Comme tout sport mécanique de haut niveau, la course au large a ses répercussions bénéfiques sur la plaisance. C’est pourquoi ont attend beaucoup d’elle, notamment en ce qui concerne l’utilisation de résine biosourcée, voire de fibres naturelles pour la construction. Si la graine écolo est plantée dans l’esprit des coureurs (dont un certain nombre se retrouve dans le collectif La Vague, voir encadré), la course au large est un artisanat qui n’a pas non plus une capacité de recherche et de développement illimitée.
Un petit tour dans le hangar de MACSF
Pour juger des tenants et des aboutissants, je me suis rendu à Lorient, au sein de l’équipe de MACSF alors en plein chantier d’optimisation sur l’IMOCA d’Isabelle Joschke. C’est Marine Viau, coordinatrice générale du projet, qui m’a accueilli pour une visite guidée du chantier et une discussion franche sur l’impact environnemental d’un projet Vendée Globe. On sent vite que le sujet touche le cœur de Marine, mais aussi de toute l’équipe constituée autour de la navigatrice. Comment conjuguer les convictions environnementales de chacun avec les impératifs techniques et sportifs de la team ? Et encore, nous sommes ici dans une équipe de préparation et non un chantier.
On y produit proportionnellement moins de déchets, mais le respect des bonnes manières (recyclage, protection du personnel, de l’environnement) ne dépend que du niveau d’exigence fixé avec le skipper et le chef de projet (Alain Gautier), à la différence d’un chantier qui sera inspecté et mis à l’amende par les autorités. Pourtant, la liste des produits nocifs et/ou à usage unique est ici longue comme un foil ! « Dès que le bateau entre en chantier, on protège entièrement le pont et sa déco qui a elle-même généré énormément de déchets. » En cause : la quantité des scotchs de masquage nécessaire pour le peindre aux couleurs du sponsor. « Le pont est peint, mais sur la coque on utilise des stickers qui produisent moins de déchets, mais comment sont-ils produits ? »

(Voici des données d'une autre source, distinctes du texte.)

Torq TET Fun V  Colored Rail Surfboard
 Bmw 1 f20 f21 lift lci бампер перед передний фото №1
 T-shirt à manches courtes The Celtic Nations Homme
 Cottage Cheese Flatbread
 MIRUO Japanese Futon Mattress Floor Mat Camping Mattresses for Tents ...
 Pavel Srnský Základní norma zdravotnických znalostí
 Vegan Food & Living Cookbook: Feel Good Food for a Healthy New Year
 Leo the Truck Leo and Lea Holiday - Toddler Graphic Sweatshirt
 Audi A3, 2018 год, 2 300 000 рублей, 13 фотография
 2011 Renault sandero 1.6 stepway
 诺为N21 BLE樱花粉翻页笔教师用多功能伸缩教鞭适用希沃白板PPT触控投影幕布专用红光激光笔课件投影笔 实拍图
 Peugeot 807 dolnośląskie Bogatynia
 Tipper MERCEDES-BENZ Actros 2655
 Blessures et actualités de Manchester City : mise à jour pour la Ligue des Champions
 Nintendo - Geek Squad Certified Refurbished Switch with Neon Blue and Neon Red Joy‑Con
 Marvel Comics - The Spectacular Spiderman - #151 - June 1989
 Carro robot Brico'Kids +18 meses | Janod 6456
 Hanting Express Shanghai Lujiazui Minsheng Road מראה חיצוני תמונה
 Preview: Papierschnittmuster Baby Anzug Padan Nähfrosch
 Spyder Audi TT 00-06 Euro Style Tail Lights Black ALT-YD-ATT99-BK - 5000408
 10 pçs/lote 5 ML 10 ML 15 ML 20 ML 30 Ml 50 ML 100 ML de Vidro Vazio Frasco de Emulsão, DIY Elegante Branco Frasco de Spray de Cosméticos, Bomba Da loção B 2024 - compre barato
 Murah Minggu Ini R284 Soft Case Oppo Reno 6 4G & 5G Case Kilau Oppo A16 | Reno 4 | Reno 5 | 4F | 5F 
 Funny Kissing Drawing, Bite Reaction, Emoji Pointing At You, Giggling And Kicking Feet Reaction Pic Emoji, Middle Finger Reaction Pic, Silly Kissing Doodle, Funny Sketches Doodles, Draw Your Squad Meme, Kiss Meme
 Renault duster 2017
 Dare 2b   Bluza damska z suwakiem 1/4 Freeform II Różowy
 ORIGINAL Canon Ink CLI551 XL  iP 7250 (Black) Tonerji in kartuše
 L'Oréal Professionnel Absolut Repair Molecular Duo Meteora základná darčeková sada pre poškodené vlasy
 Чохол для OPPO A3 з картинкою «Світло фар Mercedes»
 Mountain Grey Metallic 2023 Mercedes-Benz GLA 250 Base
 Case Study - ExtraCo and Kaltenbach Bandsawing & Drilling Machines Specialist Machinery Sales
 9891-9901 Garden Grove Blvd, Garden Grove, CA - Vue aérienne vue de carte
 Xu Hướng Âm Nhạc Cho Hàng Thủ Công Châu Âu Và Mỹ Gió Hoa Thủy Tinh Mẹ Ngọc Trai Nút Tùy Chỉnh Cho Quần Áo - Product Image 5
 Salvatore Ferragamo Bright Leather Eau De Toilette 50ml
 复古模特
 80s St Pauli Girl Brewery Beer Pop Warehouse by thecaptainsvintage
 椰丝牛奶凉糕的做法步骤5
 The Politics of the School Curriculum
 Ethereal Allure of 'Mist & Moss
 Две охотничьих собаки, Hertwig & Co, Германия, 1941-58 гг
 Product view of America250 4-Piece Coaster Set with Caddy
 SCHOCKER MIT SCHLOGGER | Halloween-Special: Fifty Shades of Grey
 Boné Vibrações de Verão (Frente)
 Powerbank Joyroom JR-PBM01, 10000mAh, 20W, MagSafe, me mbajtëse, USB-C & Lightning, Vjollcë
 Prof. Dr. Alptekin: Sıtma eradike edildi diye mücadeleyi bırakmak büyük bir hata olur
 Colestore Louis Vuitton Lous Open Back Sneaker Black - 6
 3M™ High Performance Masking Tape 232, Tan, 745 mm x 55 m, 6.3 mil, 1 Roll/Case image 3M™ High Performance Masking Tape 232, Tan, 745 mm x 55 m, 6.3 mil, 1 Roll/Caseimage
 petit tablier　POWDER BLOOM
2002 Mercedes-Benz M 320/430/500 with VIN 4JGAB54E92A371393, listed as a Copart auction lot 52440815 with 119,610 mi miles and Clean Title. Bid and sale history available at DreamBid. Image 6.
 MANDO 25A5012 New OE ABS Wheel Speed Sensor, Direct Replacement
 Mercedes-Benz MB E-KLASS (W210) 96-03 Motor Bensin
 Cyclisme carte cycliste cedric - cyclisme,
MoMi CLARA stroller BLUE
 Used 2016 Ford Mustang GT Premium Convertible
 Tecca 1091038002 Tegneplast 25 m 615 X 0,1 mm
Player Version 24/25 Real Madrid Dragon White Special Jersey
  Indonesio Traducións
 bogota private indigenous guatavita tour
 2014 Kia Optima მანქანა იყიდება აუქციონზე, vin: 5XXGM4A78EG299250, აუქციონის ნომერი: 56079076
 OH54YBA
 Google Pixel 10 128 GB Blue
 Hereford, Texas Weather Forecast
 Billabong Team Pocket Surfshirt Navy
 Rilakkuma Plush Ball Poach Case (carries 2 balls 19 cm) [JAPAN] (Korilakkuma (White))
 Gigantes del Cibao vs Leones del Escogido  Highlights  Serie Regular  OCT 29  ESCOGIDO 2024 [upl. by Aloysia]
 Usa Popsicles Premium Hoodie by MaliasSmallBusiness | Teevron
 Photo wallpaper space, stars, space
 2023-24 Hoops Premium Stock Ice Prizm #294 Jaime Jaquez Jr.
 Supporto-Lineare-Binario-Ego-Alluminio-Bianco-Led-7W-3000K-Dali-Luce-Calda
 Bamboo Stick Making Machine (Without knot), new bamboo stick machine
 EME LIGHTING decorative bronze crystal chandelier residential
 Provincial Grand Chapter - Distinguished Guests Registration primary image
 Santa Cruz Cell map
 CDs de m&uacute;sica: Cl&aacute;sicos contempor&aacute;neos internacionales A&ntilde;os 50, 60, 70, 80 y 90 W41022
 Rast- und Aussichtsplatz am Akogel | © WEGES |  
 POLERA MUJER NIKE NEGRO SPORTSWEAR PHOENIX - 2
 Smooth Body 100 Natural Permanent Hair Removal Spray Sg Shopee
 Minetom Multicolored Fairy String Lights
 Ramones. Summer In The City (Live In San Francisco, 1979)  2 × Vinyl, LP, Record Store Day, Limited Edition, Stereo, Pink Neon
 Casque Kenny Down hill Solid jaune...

Bref, au moindre petit chantier à bord, le pont et l’intérieur se couvrent de protections en plastique ou en carton vite souillées par de la résine et la poussière de carbone qui rejoindront de fait les pinceaux et les récipients dans une poubelle spécifique. Car sur le chantier, le tri des déchets est scrupuleusement mis en place : d’un côté les emballages recyclables, de l’autre le tout-venant et, bien à part, les piles, les sprays, les inclassables (résidus de carbone, d’âme Nomex, dont personne ne veut) et les produits souillés.
Une dernière catégorie que MACSF va confier à une entreprise spécialisée (clikeco). Un choix libre, qui a un coût (env. 7 000 €), à l’initiative de chaque team. MACSF cherche en ce sens l’exemplarité dans la mesure de ses moyens qui sont ceux d’une team professionnel qui emploie cinq permanents dont le skipper, mais dont le budget est somme toute modeste et où chaque investissement qui ne tend pas vers l’objectif sportif doit être pesé. Évidemment, MACSF n’invente rien : ce tri basique, qui semble être une évidence, est déjà une obligation pour tous les chantiers, pour les ports. Il suffit de se rendre derrière la capitainerie de La Base pour visualiser les différents containers de déchets plus ou moins toxiques. La capitainerie de Lorient est sur ce point exemplaire en prenant en charge les déchets des petites équipes tandis que les plus grosses comme Banque Populaire et Gitana mutualisent l’enlèvement et le traitement de leurs déchets.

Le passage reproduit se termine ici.